映画「牛久」/見たくないから見ないものを見た

日本の「出入国在留管理局」(入管)の問題については、メディアにしばしば取り上げられている。
最近では、ウィシュマさんというスリランカ人女性の遺族が入管での非人道的扱いについての裁判を起こしている。
入管に収容中、彼女は深刻な体調不良を何度訴えても医師の診察を受けられず放置され、差別的な言葉を浴びせられながら「原因不明」で死んだ。

 

我々が良く耳にする入管の問題は、要するにこの不法滞在者/難民申請者の扱いについてのものだ。
このあたりの事情を個人的にそんなに知っている訳でもないので、漠然と「入国管理局には人権意識の低い差別的な連中がいて、行き場がなく立場の弱い入所者を面白半分に虐待してんだろう全く日本の面汚しが」ぐらいに思っていた。

 

要するに「そういう連中がいる」「そういう組織風土がある」みたいに考えてた。

 

そこでこの映画「牛久」ですよ。
「牛久」2021年 日本 イアン・トーマス・アッシュ監督

 

上記のような理解でこの人権問題を捕らえていたので、誰かがそれを隠蔽している、その悪事を暴かないとラチが開かない、みたいに考え、この映画の告発の手法に興味を持った訳だ。
この映画の多くの場面は、入管内部での入所者の姿や彼らの証言が、いわゆる「隠し撮り」の手法で撮られている。
場所は茨城県牛久市の入管。

 

もっともその手法も基本的には、入所者に面会を申し込み、面会の場面を隠し撮りするわけで、別に一般人が知り得ない入管の秘密が暴露されているわけではない。
基本的には入所者がただ所内の体験を話しているだけの映像である。

 

彼らの話の内容は同情すべきもので、しばしば入管の明らかな人権侵害や理不尽な対応も語られるが、それも含めて話の内容になにか秘密がある訳ではなく(実際こういう話はメディアにより既に外部に報道されている)、撮影は禁止されているのも、単に入所者の人権/肖像権への配慮など法的な都合だろう。
ただ入所者が自ら語り訴える姿には迫真性があり、彼らは(得体の知れない外国人なのではなく)普通にありふれた弱い立場の人間なのだと実感できる。その彼らがいかに理不尽な虐待を受けているかも。
(作品にはあからさまに暴力的で人権侵害を強く疑わせる「制圧」の映像もあるが、それは入管が記録として自ら撮影したものだ。おそらく訴訟などでの検証のために法的に義務付けられているのだろう。手続きを踏めば入手出来るのだと思われる。)

 

要するにびっくりするような秘密の暴露はない。
人権侵害の決定的な証拠となるものが映っている訳でもない。
もっとも全く予定が無いままいつ果てるとも知れず入所が続く事態は、本来それ自体が異常なスキャンダルではある。

 

ただ映画が進んでいくにしたがって、この人権侵害とその放置が、個別的な入管や職員の体質の問題などではないらしいことが明らかになっていく。

 

ここ数年、それこそウィシュマさんの問題等が報道されるようになり、入所者の人権状況が危機的な水準であることが明らかになって、外部の目が入るようになっている。

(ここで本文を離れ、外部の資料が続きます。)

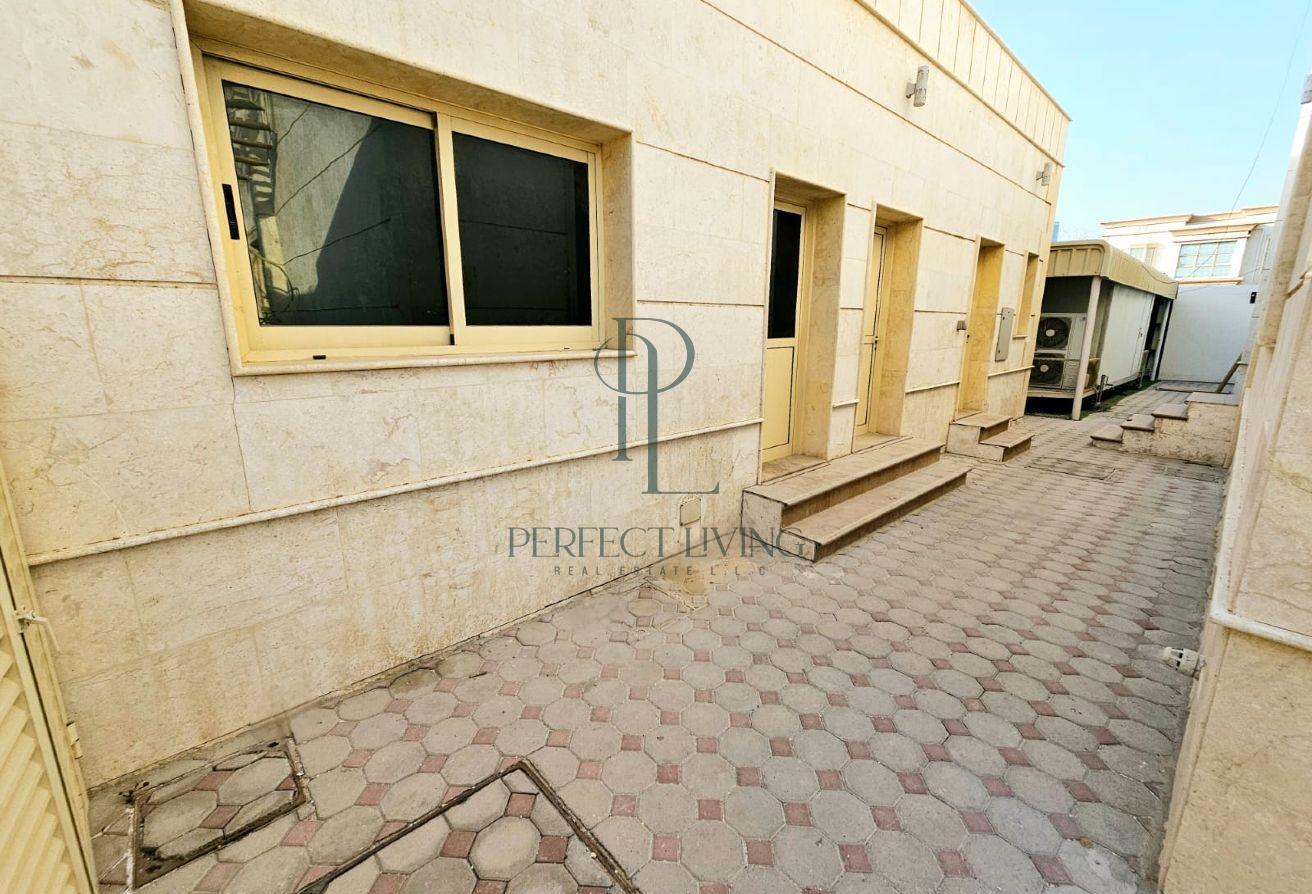 Spacious Villa| Large Garden|Premium Family Living photo 26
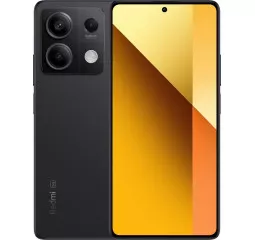 Смартфон Xiaomi Redmi Note 13 5G 6/128GB NFC Graphite Black Global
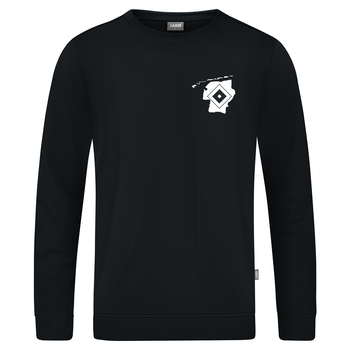 OFC PowerRaute Fresena Sweat Doubletex Herren Schwarz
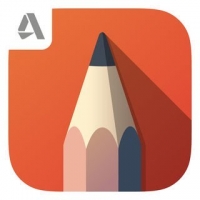 Autodesk SketchBook Pro 2021 v8.8.0 (x64) Multilingual [FileCR]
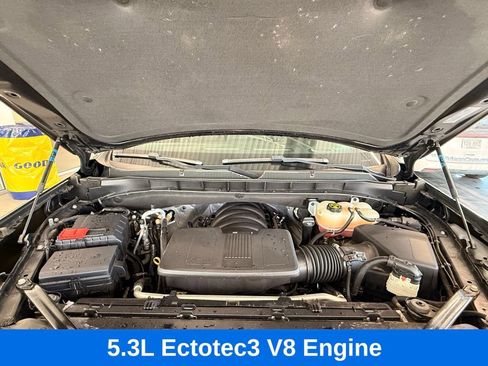 Used 2023 Chevrolet Tahoe RST AWD/4WD image 55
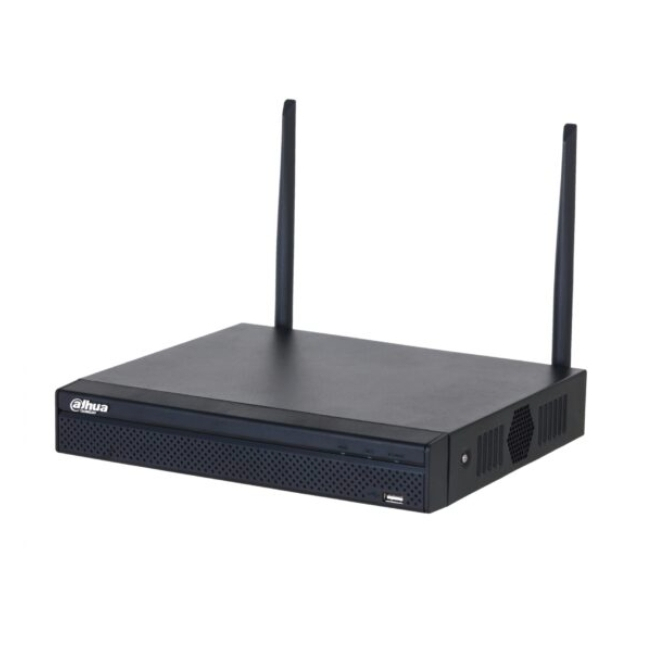 DAHUA NVR1108HSW-S2 (8CH) Wifi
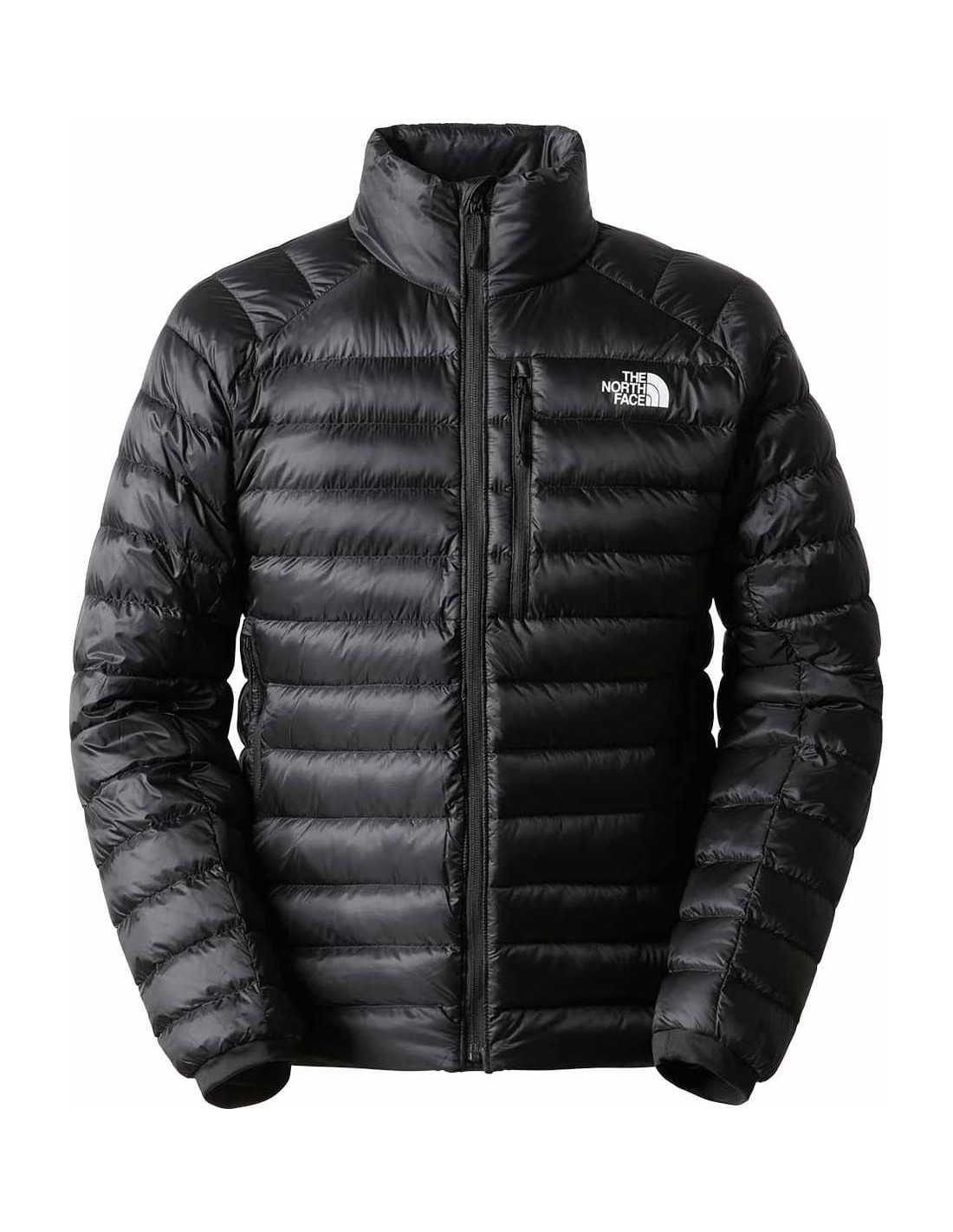 M SUMMIT BREITHORN JACKET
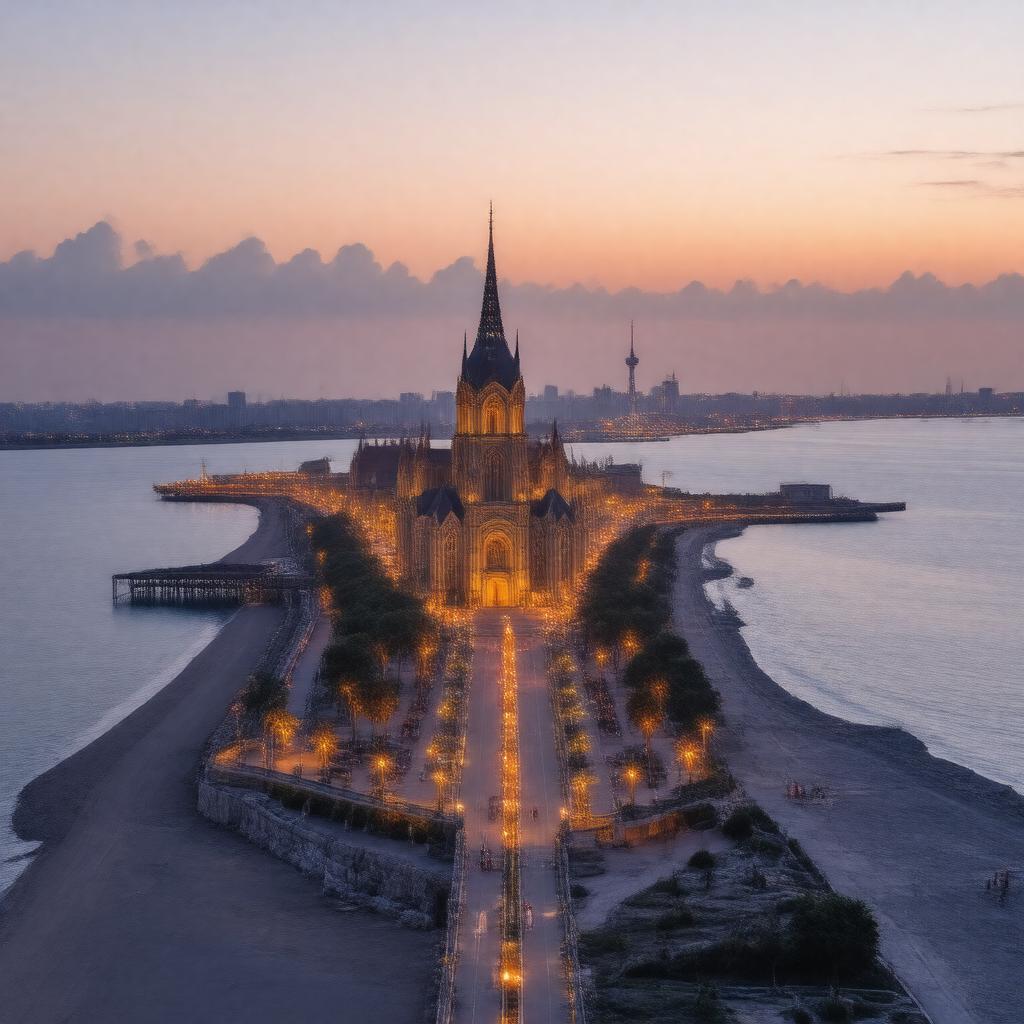 Qingdao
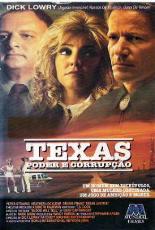 Texas Poder E Corrupcao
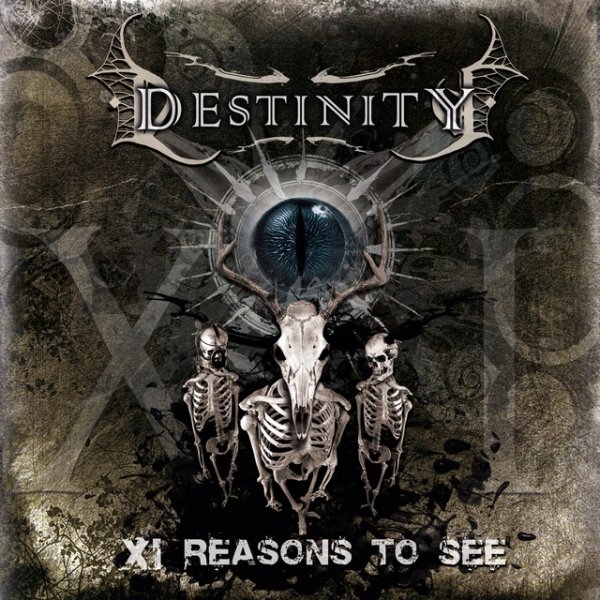 Destinity XI Reasons to See, 2010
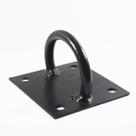 Suporte Para Corda Naval Trx Fita De Suspensão Saco de Boxe Parede Chão Academia Fitness Suporte Para Corda Naval Trx Fita De Suspensão Saco de Boxe Parede Chão Academia Fitness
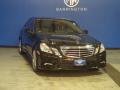 2011 E 350 4Matic Sedan #2
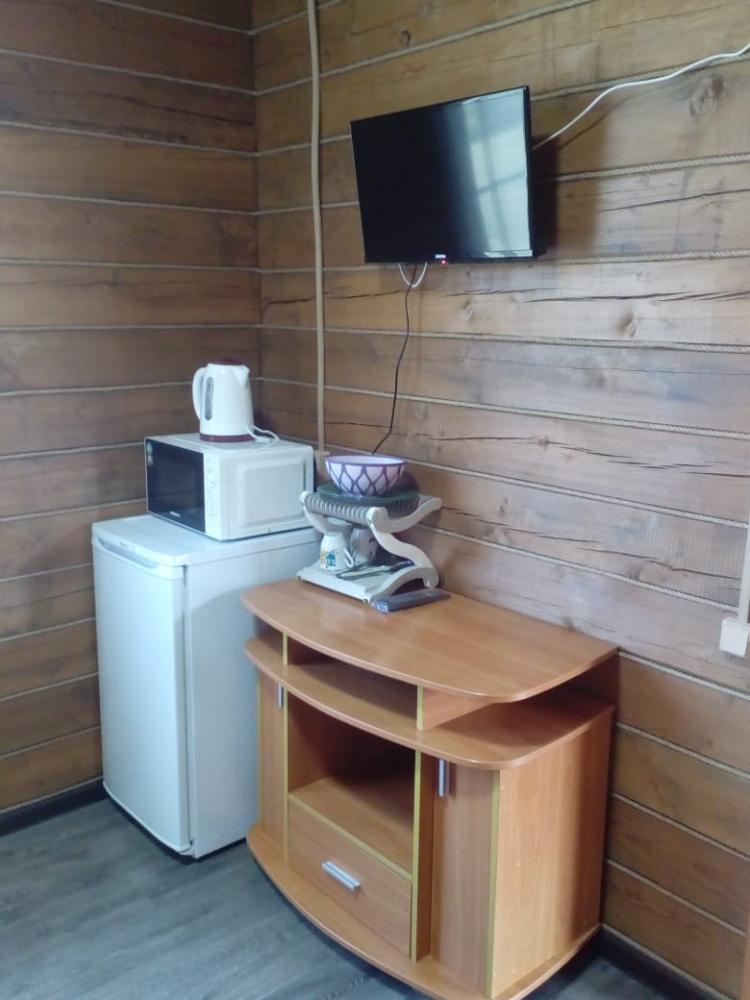 Двухэтажный дом 6 мест Онгудай Алтай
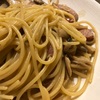 パスタ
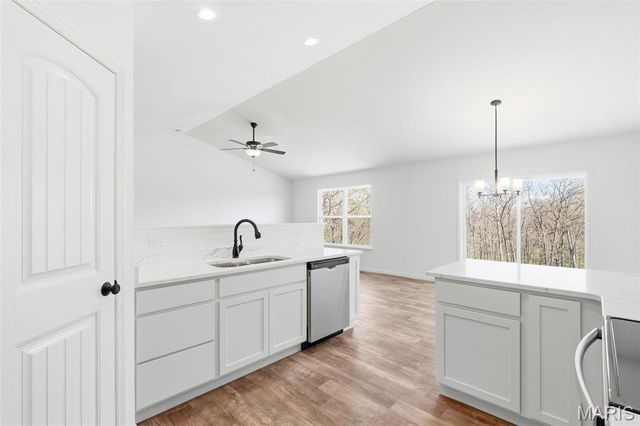 1018 Samwise Street, Wright City, MO 63390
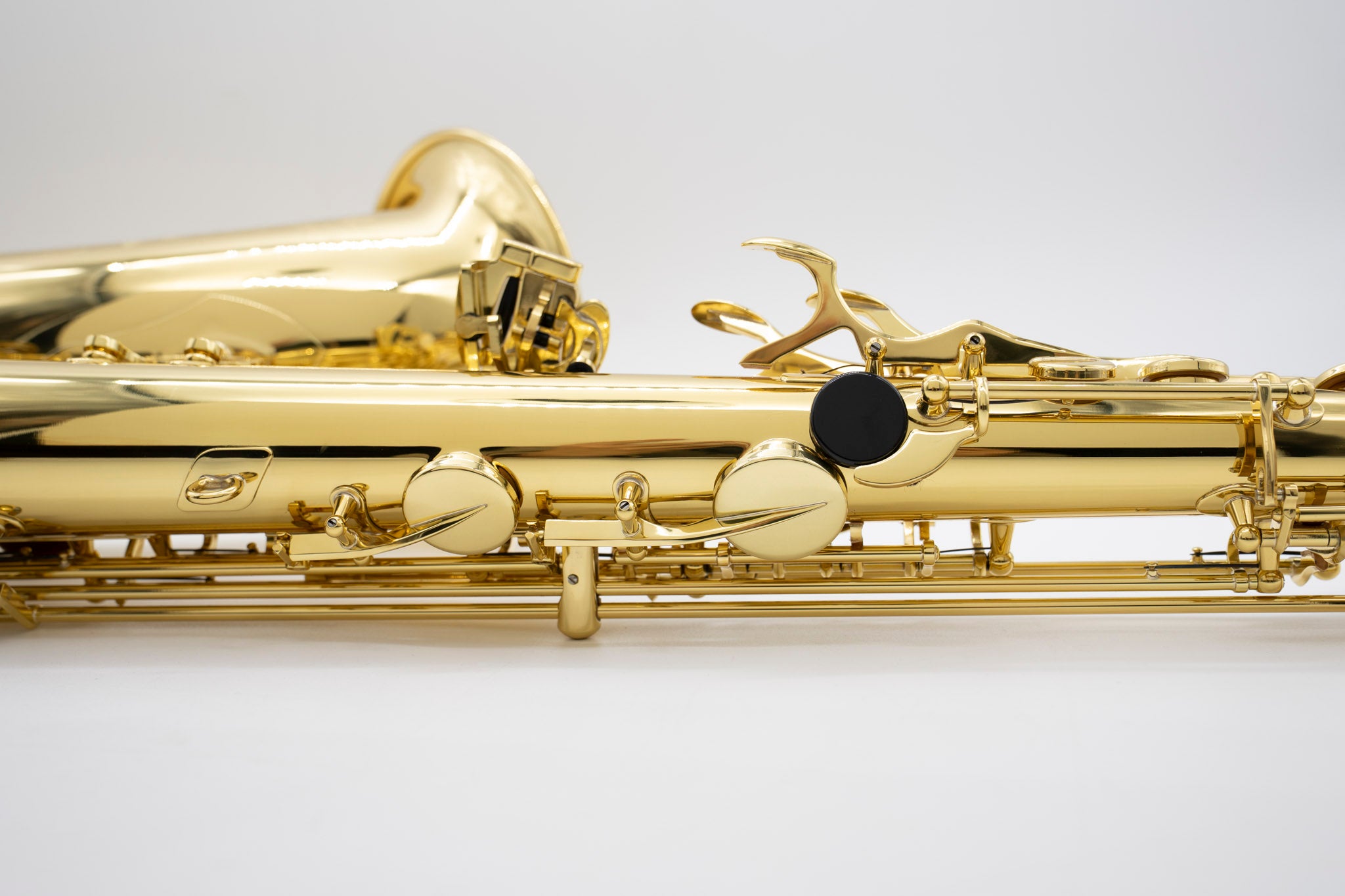 SELMER Axos Tenor Saxophone - ReWIND by Henri SELMER Paris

この映画がまさにそうだし、また作品内では国会議員がこの問題を取り上げる様子も描かれている。
特に議員が人権問題として国会で取り上げて以降明らかになるのが、これは法制度的な問題で、入管職員や刑務管の「人権意識」だの「差別意識」だののせいではないかもしれないということだ。

 

例えば難民に関していえば、日本政府は基本的な方針として難民を事実上受け入れない。一方で難民条約に加盟しているため政府は難民受け入れを広く広報しており、それを期待して難民申請者が多く入国している。
だが日本の難民受け入れはあくまで「制度はありますよ」という外聞を気にしたカタチだけのものなので、申請者のほとんどが拒絶される。

 

ただ難民は日本に国を追われて来ているので、拒絶されたところで帰ることができない。入管に収容されている人の多くがそれである。
(ウィシュマさんもその例で、帰国したら殺すとDV夫に脅迫されている。これはアメリカなどでは難民の要件を満たす事案)

 

つまり彼らは国家間の隙間に転げ落ち、日本における立場が存在しない存在な訳だ。難民としての入国を拒絶され、国内に「いないはずの人たち」「法的に存在しない人たち」な訳だ。

 

彼らは「いない」ので、あらゆる法的な取り扱いも出来ない。法的な保護がおよばず人権がない。いない人に人権は無いのだ。
(そのような司法判断も出ている。基本的人権の制限が合法化されている。もっとも難民条約に明白に反する判断だが)

法的にいないのだから現実にいようが彼らはいない。
法律ベースで動く日本の政府官僚は、彼らに何も出来ない。これは悪意というより不条理のようなものだ。

 

この存在の不確かさ、立場の不明瞭さが、結果的に入管の入所者取り扱いの不規則さとなっている。
入管にもどうすることも出来ない問題を抱えこまされていると言っていい。
(むろんそのような無法状態で、リアルに無法に振る舞う職員、刑務官の人権意識の低さは強く批判されるべきだ。)


映画はラスト近くになって急展開する。
入管という不条理空間から、突然現実社会とリンクし始める。
入所者たちに突如として仮放免が認められるようになるのだ。それもものすごい数。
作品中でも過半数が仮放免したと語られているが、今現在はさらに進み、入所者がほとんどいない状態らしい。

 

これは外部から働きかけがあったなどではなく、どうやらコロナが原因らしい。
入管が所内でのクラスタの発生を恐れて「密」な状態を解消にかかったようなのだが、公式にも非公式にも何の説明も無いのでわからない。

 

そんなことができるというのも驚きだが、なによりびっくりするのは彼ら仮放免者たちが、健康保険も無くワクチン接種券も無く、当然就労資格も移動の自由も無いままにコロナ流行中の市中に放り出されているということだ。
(この状態は今現在も継続している)

 

馬鹿なのか? 何から何まで間違った対応としか言いようが無いが、上述の通り入管にはどうしようもない事なのだろう。
とにかく映画を見て感じるのは、入管の対応が無茶苦茶だということだ。支離滅裂といってもいい。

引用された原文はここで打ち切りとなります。